**Input data**
[Start of Attachment]
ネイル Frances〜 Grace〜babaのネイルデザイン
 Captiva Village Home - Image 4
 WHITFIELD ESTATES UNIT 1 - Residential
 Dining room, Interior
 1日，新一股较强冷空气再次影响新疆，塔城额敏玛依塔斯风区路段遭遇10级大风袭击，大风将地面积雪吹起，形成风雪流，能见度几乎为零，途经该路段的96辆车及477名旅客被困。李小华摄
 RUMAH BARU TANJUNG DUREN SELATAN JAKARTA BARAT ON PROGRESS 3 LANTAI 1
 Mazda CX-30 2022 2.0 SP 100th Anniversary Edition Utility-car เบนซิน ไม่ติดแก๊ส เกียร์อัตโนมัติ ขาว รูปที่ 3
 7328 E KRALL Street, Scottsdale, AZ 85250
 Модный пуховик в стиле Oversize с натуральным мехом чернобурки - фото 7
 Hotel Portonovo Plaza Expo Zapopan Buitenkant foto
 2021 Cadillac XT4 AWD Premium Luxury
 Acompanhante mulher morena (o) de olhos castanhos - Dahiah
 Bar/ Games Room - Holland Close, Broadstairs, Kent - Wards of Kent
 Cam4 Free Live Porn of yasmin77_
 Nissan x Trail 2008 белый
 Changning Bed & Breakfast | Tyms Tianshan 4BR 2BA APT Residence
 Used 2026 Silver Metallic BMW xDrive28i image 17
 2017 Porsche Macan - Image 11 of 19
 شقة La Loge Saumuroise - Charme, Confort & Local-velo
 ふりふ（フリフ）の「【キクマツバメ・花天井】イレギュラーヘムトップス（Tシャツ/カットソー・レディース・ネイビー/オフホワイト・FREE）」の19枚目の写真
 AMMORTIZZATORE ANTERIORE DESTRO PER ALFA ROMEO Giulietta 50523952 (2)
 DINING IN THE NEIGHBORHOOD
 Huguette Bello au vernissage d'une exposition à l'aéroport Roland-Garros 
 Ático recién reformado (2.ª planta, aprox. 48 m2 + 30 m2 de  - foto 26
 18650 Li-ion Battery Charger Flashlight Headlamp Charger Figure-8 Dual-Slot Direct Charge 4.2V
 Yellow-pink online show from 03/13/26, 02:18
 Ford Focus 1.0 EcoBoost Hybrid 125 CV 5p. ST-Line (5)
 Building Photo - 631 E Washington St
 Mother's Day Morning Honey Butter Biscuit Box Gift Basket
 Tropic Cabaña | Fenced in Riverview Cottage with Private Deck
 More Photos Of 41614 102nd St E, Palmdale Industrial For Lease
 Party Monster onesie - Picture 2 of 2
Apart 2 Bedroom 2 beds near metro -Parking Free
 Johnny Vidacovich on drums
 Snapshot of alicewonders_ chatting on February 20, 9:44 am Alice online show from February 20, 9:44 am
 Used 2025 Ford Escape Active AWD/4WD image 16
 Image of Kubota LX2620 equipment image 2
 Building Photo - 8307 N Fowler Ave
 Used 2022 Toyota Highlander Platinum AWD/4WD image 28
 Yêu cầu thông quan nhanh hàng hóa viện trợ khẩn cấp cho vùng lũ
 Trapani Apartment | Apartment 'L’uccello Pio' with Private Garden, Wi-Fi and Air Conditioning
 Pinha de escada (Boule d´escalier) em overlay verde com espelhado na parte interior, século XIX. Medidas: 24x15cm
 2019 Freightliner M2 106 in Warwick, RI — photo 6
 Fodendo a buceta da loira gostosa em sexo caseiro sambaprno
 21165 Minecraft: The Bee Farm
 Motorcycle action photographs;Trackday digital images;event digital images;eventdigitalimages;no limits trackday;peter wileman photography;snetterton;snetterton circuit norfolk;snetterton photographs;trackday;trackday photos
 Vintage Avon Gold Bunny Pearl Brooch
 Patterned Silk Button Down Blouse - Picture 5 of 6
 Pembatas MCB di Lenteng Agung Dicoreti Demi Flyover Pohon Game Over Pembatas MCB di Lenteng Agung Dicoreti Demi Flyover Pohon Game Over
[End of Attachment]
**Exercise goal**
Write all the data out again, exactly.

**Response box**
ネイル Frances〜 Grace〜babaのネイルデザイン
 Captiva Village Home - Image 4
 WHITFIELD ESTATES UNIT 1 - Residential
 Dining room, Interior
 1日，新一股较强冷空气再次影响新疆，塔城额敏玛依塔斯风区路段遭遇10级大风袭击，大风将地面积雪吹起，形成风雪流，能见度几乎为零，途经该路段的96辆车及477名旅客被困。李小华摄
 RUMAH BARU TANJUNG DUREN SELATAN JAKARTA BARAT ON PROGRESS 3 LANTAI 1
 Mazda CX-30 2022 2.0 SP 100th Anniversary Edition Utility-car เบนซิน ไม่ติดแก๊ส เกียร์อัตโนมัติ ขาว รูปที่ 3
 7328 E KRALL Street, Scottsdale, AZ 85250
 Модный пуховик в стиле Oversize с натуральным мехом чернобурки - фото 7
 Hotel Portonovo Plaza Expo Zapopan Buitenkant foto
 2021 Cadillac XT4 AWD Premium Luxury
 Acompanhante mulher morena (o) de olhos castanhos - Dahiah
 Bar/ Games Room - Holland Close, Broadstairs, Kent - Wards of Kent
 Cam4 Free Live Porn of yasmin77_
 Nissan x Trail 2008 белый
 Changning Bed & Breakfast | Tyms Tianshan 4BR 2BA APT Residence
 Used 2026 Silver Metallic BMW xDrive28i image 17
 2017 Porsche Macan - Image 11 of 19
 شقة La Loge Saumuroise - Charme, Confort & Local-velo
 ふりふ（フリフ）の「【キクマツバメ・花天井】イレギュラーヘムトップス（Tシャツ/カットソー・レディース・ネイビー/オフホワイト・FREE）」の19枚目の写真
 AMMORTIZZATORE ANTERIORE DESTRO PER ALFA ROMEO Giulietta 50523952 (2)
 DINING IN THE NEIGHBORHOOD
 Huguette Bello au vernissage d'une exposition à l'aéroport Roland-Garros 
 Ático recién reformado (2.ª planta, aprox. 48 m2 + 30 m2 de  - foto 26
 18650 Li-ion Battery Charger Flashlight Headlamp Charger Figure-8 Dual-Slot Direct Charge 4.2V
 Yellow-pink online show from 03/13/26, 02:18
 Ford Focus 1.0 EcoBoost Hybrid 125 CV 5p. ST-Line (5)
 Building Photo - 631 E Washington St
 Mother's Day Morning Honey Butter Biscuit Box Gift Basket
 Tropic Cabaña | Fenced in Riverview Cottage with Private Deck
 More Photos Of 41614 102nd St E, Palmdale Industrial For Lease
 Party Monster onesie - Picture 2 of 2
Apart 2 Bedroom 2 beds near metro -Parking Free
 Johnny Vidacovich on drums
 Snapshot of alicewonders_ chatting on February 20, 9:44 am Alice online show from February 20, 9:44 am
 Used 2025 Ford Escape Active AWD/4WD image 16
 Image of Kubota LX2620 equipment image 2
 Building Photo - 8307 N Fowler Ave
 Used 2022 Toyota Highlander Platinum AWD/4WD image 28
 Yêu cầu thông quan nhanh hàng hóa viện trợ khẩn cấp cho vùng lũ
 Trapani Apartment | Apartment 'L’uccello Pio' with Private Garden, Wi-Fi and Air Conditioning
 Pinha de escada (Boule d´escalier) em overlay verde com espelhado na parte interior, século XIX. Medidas: 24x15cm
 2019 Freightliner M2 106 in Warwick, RI — photo 6
 Fodendo a buceta da loira gostosa em sexo caseiro sambaprno
 21165 Minecraft: The Bee Farm
 Motorcycle action photographs;Trackday digital images;event digital images;eventdigitalimages;no limits trackday;peter wileman photography;snetterton;snetterton circuit norfolk;snetterton photographs;trackday;trackday photos
 Vintage Avon Gold Bunny Pearl Brooch
 Patterned Silk Button Down Blouse - Picture 5 of 6
 Pembatas MCB di Lenteng Agung Dicoreti Demi Flyover Pohon Game Over Pembatas MCB di Lenteng Agung Dicoreti Demi Flyover Pohon Game Over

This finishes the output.